I keep coming to the conclusion that banning is a temporary hack, and
not mandatory uABI, like hangcheck. The usual answer is that we then
describe the implementation's behaviour through say a CONTEXT_GETPARAM
and let userspace factor that into account. But again, I to have ask
what requirements has userspace?
https://www.khronos.org/registry/OpenGL/extensions/ARB/ARB_robustness.txt

(And how are the requirements going to change?)

The implication from that is that we could ban a context after the first
hang, but mesa isn't ready for that!

Maybe you should try writing an explanation of exactly what behaviour
you are trying to elicit here and why? :)

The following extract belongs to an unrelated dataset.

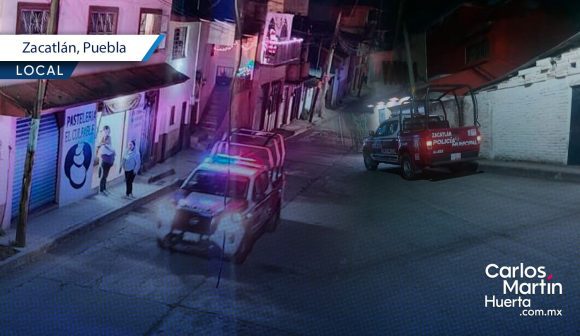 Detienen a hombre tras golpear a una mujer en Zacatlán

One thing that seems nice on the surface for execlists is repriotising
after a hang to allow all innocent parties to make progress at the
expense of the guilty. You will probably think of a few other approaches
that make sense as you think about what userspace expects.

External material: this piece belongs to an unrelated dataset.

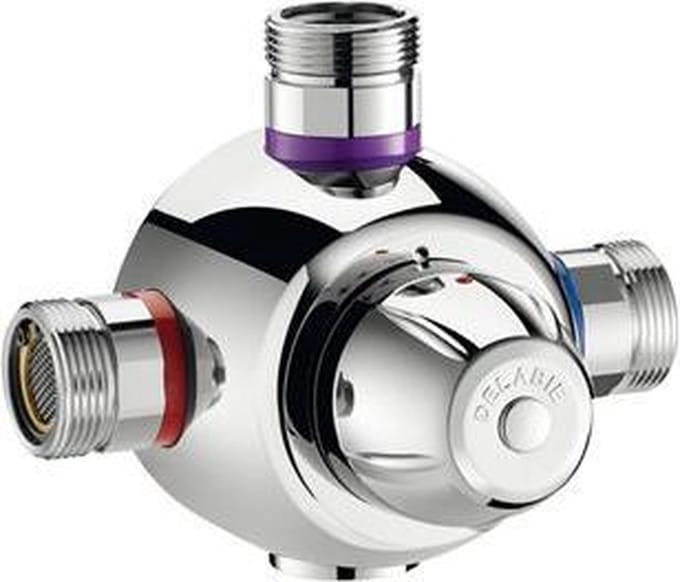 PREMIX CONFORT T2 collect. thermost. M3/4 55 l/min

> +       fd_bad = drm_open_driver(DRIVER_INTEL);
> +       fd_good = drm_open_driver(DRIVER_INTEL);
> +
> +       assert_reset_status(fd_bad, fd_bad, 0, RS_NO_ERROR);
> +       assert_reset_status(fd_good, fd_good, 0, RS_NO_ERROR);
> +
> +       while (client_bans_retry--) {
> +               client_ban = __gem_context_create(fd_bad, &ctx_bad);
> +               if (client_ban == -EIO)
> +                       break;
> +
> +               noop(fd_bad, ctx_bad, e);
> +               assert_reset_status(fd_bad, fd_bad, ctx_bad, RS_NO_ERROR);
> +
> +               ctx_bans_retry = 10;
> +               active_count = 0;
> +               while (ctx_bans_retry--) {
> +                       inject_hang(fd_bad, ctx_bad, e, BAN);
> +                       active_count++;
> +
> +                       ban = noop(fd_bad, ctx_bad, e);
> +                       if (ban == -EIO)
> +                               break;

There's a major variation in submitting a queue of hangs that also needs
to be taken into account (with different code paths in the kernel).
-Chris